With all those problems, it’s really hard to take any human (and animal) studies done looking at endotoxin seriously at all.

Conclusion

“Never has blood-borne, Gram-negative bacterial endotoxin (LPS) been invoked in the pathogenesis of so many diseases—not only as a trigger for septic shock, once its most cited role, but also as a contributor to atherosclerosis, obesity, chronic fatigue, metabolic syndrome, and many other conditions.” (R)

“Circulating endotoxin, usually attributed to translocation of LPS from the GI tract into the bloodstream (“intestinal endotoxemia”), has been invoked to cause or exacerbate human pathologies as diverse as atherosclerosis, alcoholic liver disease, autoimmunity, metabolic syndrome, renal injury, transplant rejection, traumatic brain injury, obesity, multiple organ failure, depression, chronic fatigue, HIV disease, and type 2 diabetes.” (R)

But with all the research I showed, one would think: “DA FAQ! It’s a mess. Why do they even do research on endotoxin?”

The research out there just shines light on a possible theory and there isn’t nearly enough research to indicate that endotoxin is a problem.

So since endotoxin is likely not a problem, saturated fat is automatically not a problem. Because even if it enhances LPS absorption slightly, it doesn’t mean anything.

What really matters

Metabolic syndrome. That’s what’s going on.

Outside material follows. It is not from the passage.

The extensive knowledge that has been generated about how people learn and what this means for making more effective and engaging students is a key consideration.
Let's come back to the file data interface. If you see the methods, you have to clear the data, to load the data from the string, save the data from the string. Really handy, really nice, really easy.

A lot of people are insulin resistant and obese and that’s causing a lot of inflammation, which then causes gut dysbiosis and low testosterone.

“Diet-induced weight loss, with or without gut modulation therapy, has been shown to reduce circulating endotoxin, reduce systemic inflammation, and improve glucose homeostasis in obese individuals and T2D.” (R)

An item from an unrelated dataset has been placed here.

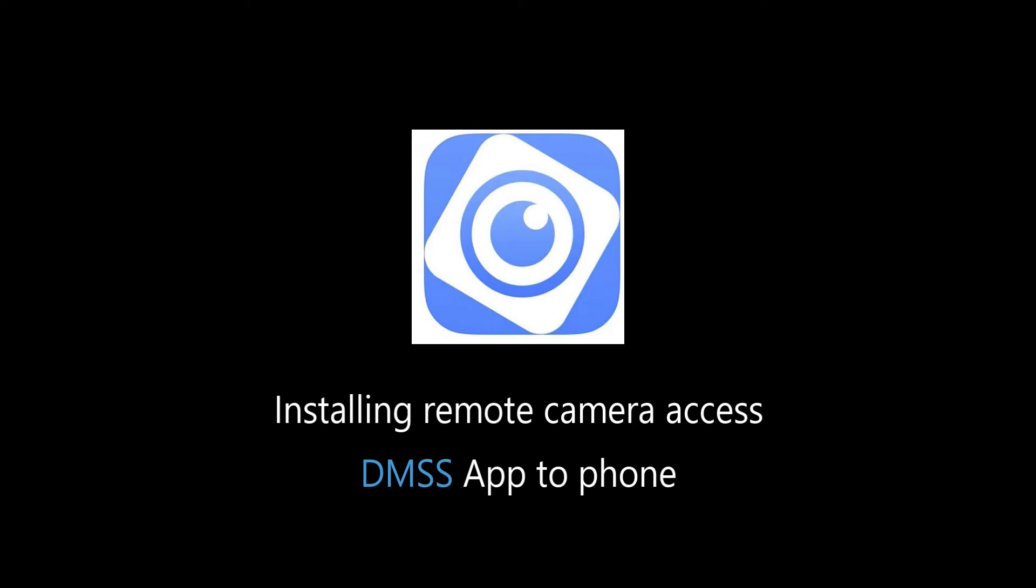In this video, we'll be going over how to install and set up the Remote Camera Access app called DMSS to your phone.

But doesn’t saturated fat cause insulin resistance and inflammation?

Nope. Saturated fat from whole fat dairy, unprocessed red meat, dark chocolate and coconut oil are saturated fat-rich foods with a complex matrix that are not associated with an increased risk of CVD, which is also caused by metabolic syndrome (R).

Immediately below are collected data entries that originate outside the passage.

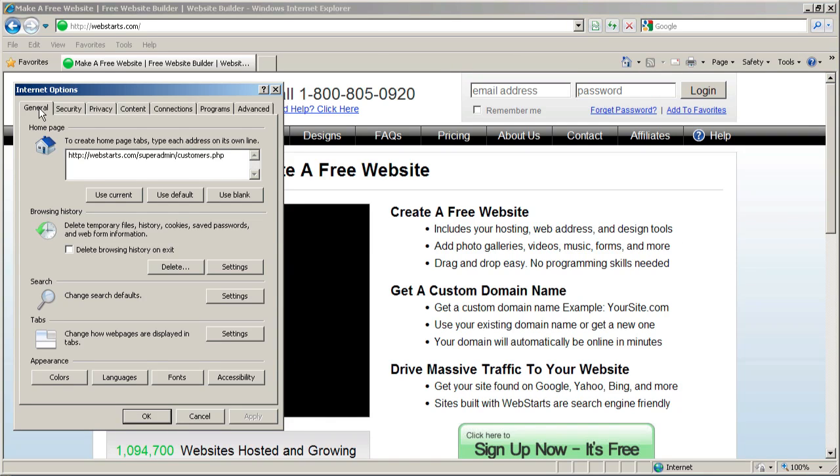Once this pops up, you're going to see general security. You'll see all these different tabs. The one you want is just general, the first one that pops up.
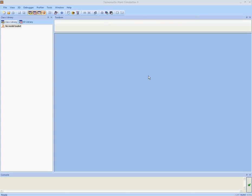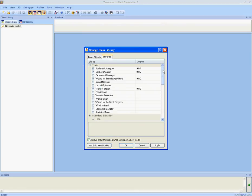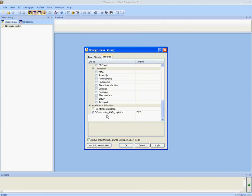We start by reading in the library. Just open a new model, go to the tab Libraries in the Library Manager, and make sure that the Warehousing and Logistics library is selected.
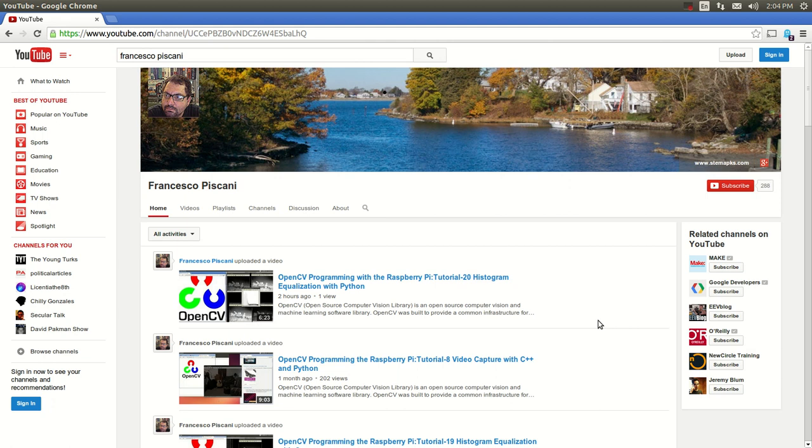Hello YouTube, this is Chesko from Stem APKs. Welcome to my channel. I've been working on my website to have a destination where I can put all of the source code for all the tutorials, because I get a lot of special requests from people asking me how to get the source code, and sometimes it's hard to put everything in the description of a video.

PUFAs on the other hand are direct precursors to endocannabinoids, which activate the endocannabinoid 1 receptor. Excess activation of the receptor causes leaky gut (R).

Gut dysbiosis and low T

I’m also not trying to deny that there isn’t a gut-testes axis. Gut dysbiosis producing inflammation can damage the testes and lower T. But again, cleaning up the diet and improving insulin sensitivity can also dramatically improve dysbiosis.

Testosterone boosting micros that also lower endotoxin

There are many micros (vitamins and minerals) that help to increase testosterone which also helps to improve gut function and lower endotoxin.

Vitamin A, D, K2, B1, B2, B3, B5, CoQ10, zinc, magnesium, etc, are essential for gut integrity (preventing LPS translocation) as well as immune modulation.

Intestinal alkaline phosphatase (iALP), which breaks down endotoxin, is increased by vit D, vit K2, zinc, taurine + butyrate, etc.

Summary

• There are many kinds of LPS, so just because you have elevated LPS in the blood, doesn’t mean it’s harmful. Check inflammatory markers.
• The small intestine is mostly sterile, so saturated fat doesn’t enhance intestinal LPS. However, LPS that are absorbed coming from food or saliva, are rapidly contained and broken down after slowly coming out the lymphatic system.
• The colon retains its LPS tightly. However, if it is absorbed, the liver breaks it down rapidly.
• To reduce endotoxin and inflammation, lose excess weight, eliminate inflammatory foods you might be sensitive to and improve insulin sensitivity.